» Input data
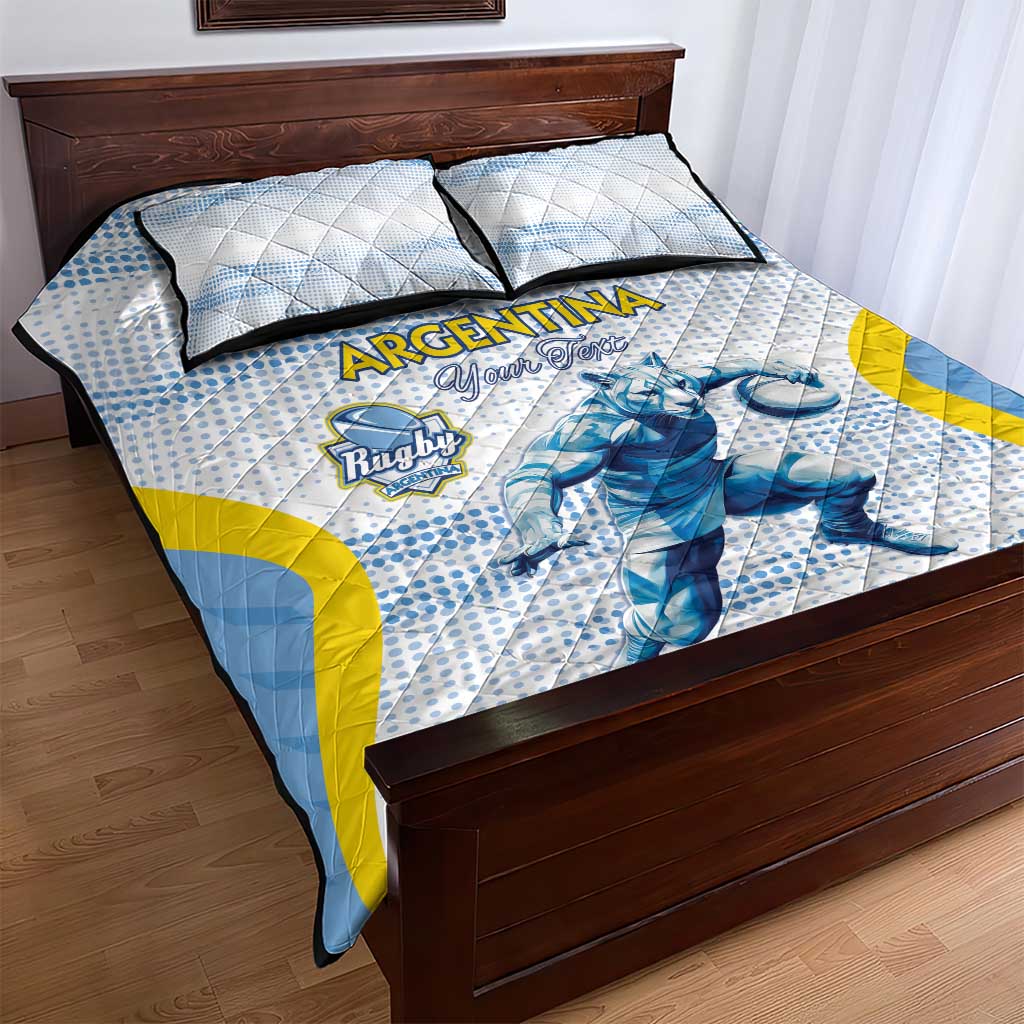 Argentina Rugby Custom Quilt Bed Set Pumas Mascot - Sporty Style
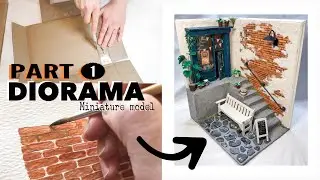 Part 1 of 5 Diorama Bookstore Miniature Scale Model Making | Cardboard Box & Hardback Book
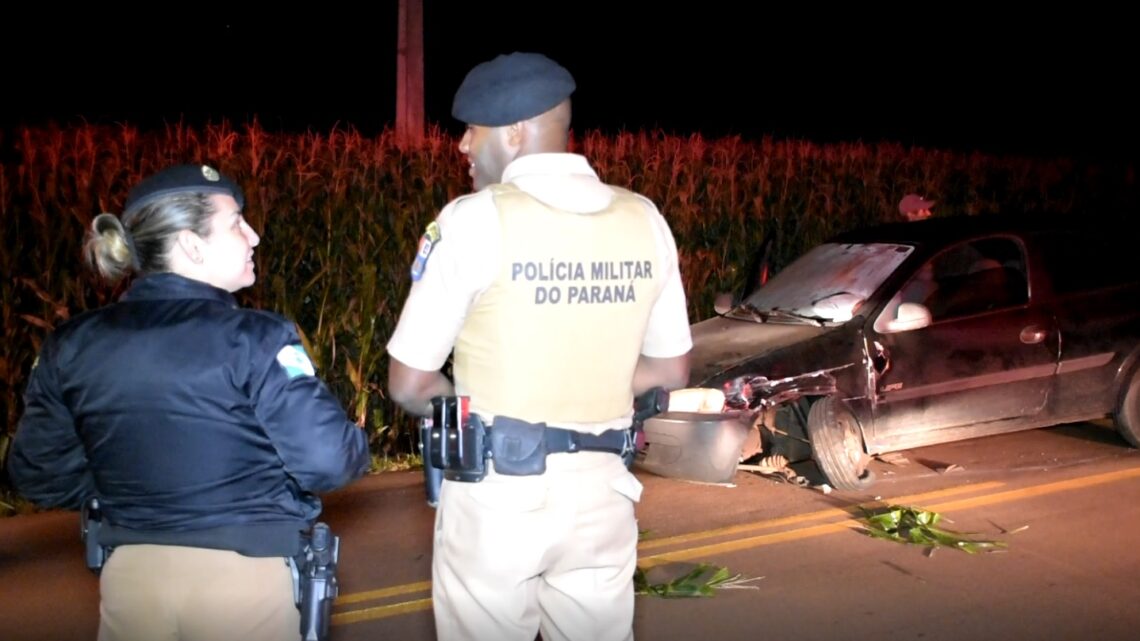 Acidente entre três veículos deixa mulher ferida na PR-549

» Try it
Please retype the data exactly, but do not carry over any picture.

» Your response
 Argentina Rugby Custom Quilt Bed Set Pumas Mascot - Sporty Style
 Part 1 of 5 Diorama Bookstore Miniature Scale Model Making | Cardboard Box & Hardback Book
 Acidente entre três veículos deixa mulher ferida na PR-549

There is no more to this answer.